Influence of thermal noise on the field-driven dynamics of the non-collinear antiferromagnet Mn3Sn

TL;DR

This paper investigates how thermal noise and external magnetic fields influence the magnetic dynamics of strained Mn3Sn, providing analytical models and simulations to understand its potential in probabilistic computing.

Contribution

It introduces analytical expressions for magnetic relaxation times in Mn3Sn under thermal noise and magnetic fields, validated by numerical simulations.

Findings

Analytical formulas accurately predict relaxation times.

Thermal noise significantly affects magnetic escape processes.

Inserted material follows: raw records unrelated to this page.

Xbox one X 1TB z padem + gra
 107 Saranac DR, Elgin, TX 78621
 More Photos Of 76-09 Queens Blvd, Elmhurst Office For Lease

External magnetic fields alter the energy landscape symmetry.

Abstract

$\mathrm{Mn_3Sn}(0\overline{1}\overline{1}0)[0001]$ experiences a tensile strain when grown epitaxially on $\mathrm{MgO}(110)[001]$, and thus the energy landscape changes from six-fold symmetry to two-fold symmetry. External magnetic field further breaks the symmetry and the resulting energy landscape is sensitive to the field orientation relative to the easy axis. In the presence of thermal noise, the relaxation of the magnetic octupole moment in a strained Mn$_3$Sn film is composed of four distinct escape processes involving the two saddle points and two equilibrium states in the energy landscape. Here, we apply harmonic transition-state theory to derive analytical expressions for the inter-well escape time and octupole moment relaxation time, both influenced by an external symmetry-breaking magnetic field and finite thermal noise in the intermediate-to-high damping regime. The analytical predictions are in strong agreement with comprehensive numerical simulations based on coupled LLG equations. The results presented here are crucial toward realizing Mn$_3$Sn's applications in random number generation and probabilistic computing.